* Given data *

※

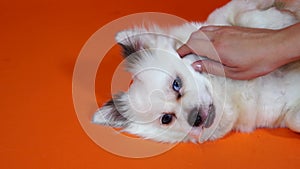 Petting the dog. A woman stroking her dog, close-up. A funny little white dog with big blue eyes is lying on an orange
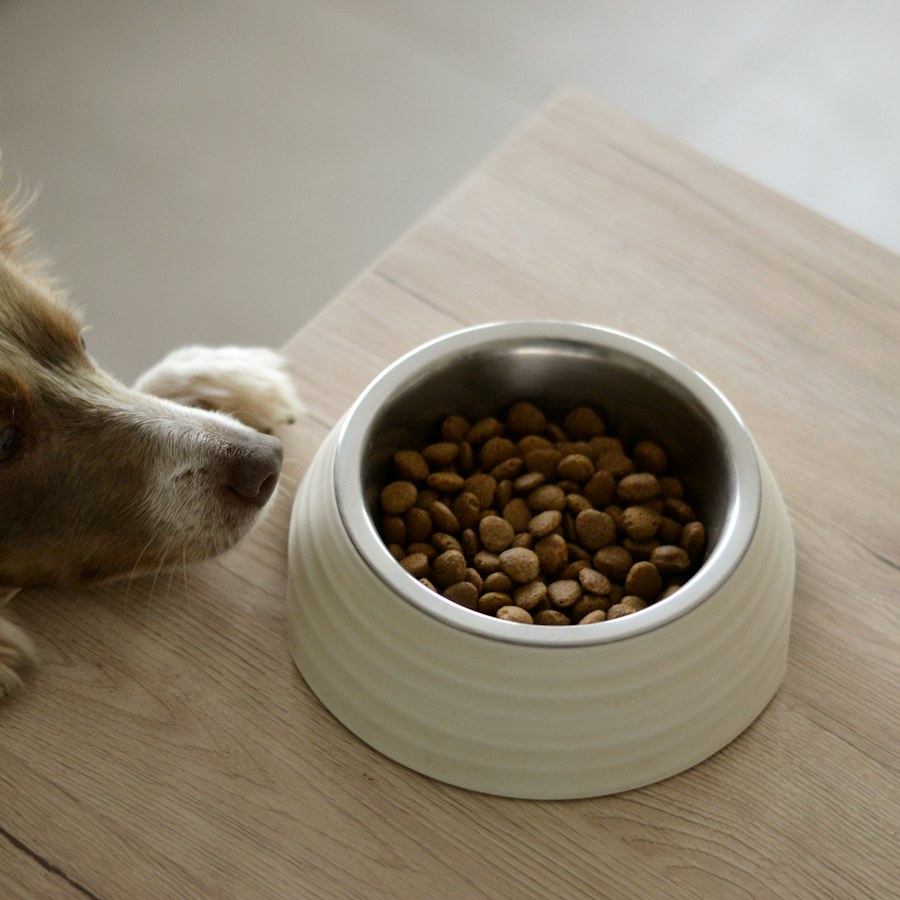 A dog sniffing a bowl of dry food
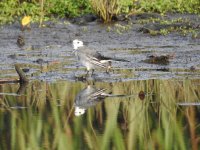 WHITE WAGTAIL DOONFOOT SEPTEMBER 2017.jpg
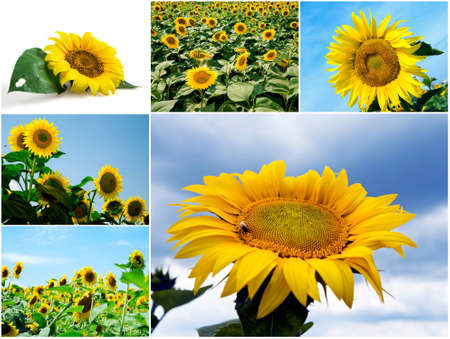 Bright sunflowers against the blue sky in summer dayの写真素材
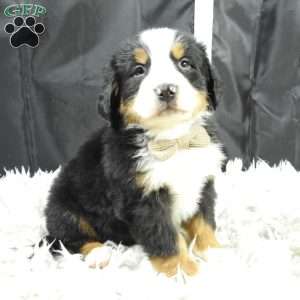 Winston, Bernese Mountain Dog Puppy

※

* Task statement *
Please reproduce the lines exactly from the one containing "A dog sniffing a bowl of dry food" through the last line of the data above, and keep the pictures out.

* Answer space *
 A dog sniffing a bowl of dry food
 WHITE WAGTAIL DOONFOOT SEPTEMBER 2017.jpg
 Bright sunflowers against the blue sky in summer dayの写真素材
 Winston, Bernese Mountain Dog Puppy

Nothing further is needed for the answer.